§ **Problem**
Nothing outside the range is wanted. Repeat exactly the lines below from the one with "Мотоцикл Lifan KPT200 (черный)" through the one with "Ring 14K Diamond Quater Eternity Band".

START Records for processing

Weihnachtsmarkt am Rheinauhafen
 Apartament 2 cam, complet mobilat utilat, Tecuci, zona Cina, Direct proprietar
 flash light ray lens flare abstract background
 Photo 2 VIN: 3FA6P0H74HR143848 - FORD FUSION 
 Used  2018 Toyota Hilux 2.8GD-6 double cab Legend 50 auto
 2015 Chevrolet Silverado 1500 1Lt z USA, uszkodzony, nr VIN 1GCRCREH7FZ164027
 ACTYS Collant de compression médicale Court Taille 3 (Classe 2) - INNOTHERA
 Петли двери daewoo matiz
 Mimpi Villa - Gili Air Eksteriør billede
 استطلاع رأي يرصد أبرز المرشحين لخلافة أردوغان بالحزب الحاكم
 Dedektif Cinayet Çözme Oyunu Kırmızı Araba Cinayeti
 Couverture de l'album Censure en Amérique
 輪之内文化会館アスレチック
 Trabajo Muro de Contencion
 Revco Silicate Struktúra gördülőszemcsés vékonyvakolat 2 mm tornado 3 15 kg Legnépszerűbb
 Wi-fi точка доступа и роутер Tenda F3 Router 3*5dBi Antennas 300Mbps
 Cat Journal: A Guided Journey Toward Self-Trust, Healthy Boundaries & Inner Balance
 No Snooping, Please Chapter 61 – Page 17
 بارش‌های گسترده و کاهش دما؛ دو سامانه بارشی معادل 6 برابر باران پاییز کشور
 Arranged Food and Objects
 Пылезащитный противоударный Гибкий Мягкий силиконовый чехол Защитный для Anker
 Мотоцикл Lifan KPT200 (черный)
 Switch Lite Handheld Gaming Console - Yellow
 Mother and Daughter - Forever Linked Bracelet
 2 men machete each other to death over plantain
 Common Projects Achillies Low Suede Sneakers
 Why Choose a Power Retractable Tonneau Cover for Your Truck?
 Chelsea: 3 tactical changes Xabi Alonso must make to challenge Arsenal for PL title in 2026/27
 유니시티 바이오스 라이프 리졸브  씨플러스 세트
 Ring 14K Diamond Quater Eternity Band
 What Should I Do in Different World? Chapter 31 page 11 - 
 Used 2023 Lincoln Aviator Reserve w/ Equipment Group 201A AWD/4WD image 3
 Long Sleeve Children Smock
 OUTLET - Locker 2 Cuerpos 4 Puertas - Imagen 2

END Records for processing

§ **Solution to the problem**
 Мотоцикл Lifan KPT200 (черный)
 Switch Lite Handheld Gaming Console - Yellow
 Mother and Daughter - Forever Linked Bracelet
 2 men machete each other to death over plantain
 Common Projects Achillies Low Suede Sneakers
 Why Choose a Power Retractable Tonneau Cover for Your Truck?
 Chelsea: 3 tactical changes Xabi Alonso must make to challenge Arsenal for PL title in 2026/27
 유니시티 바이오스 라이프 리졸브  씨플러스 세트
 Ring 14K Diamond Quater Eternity Band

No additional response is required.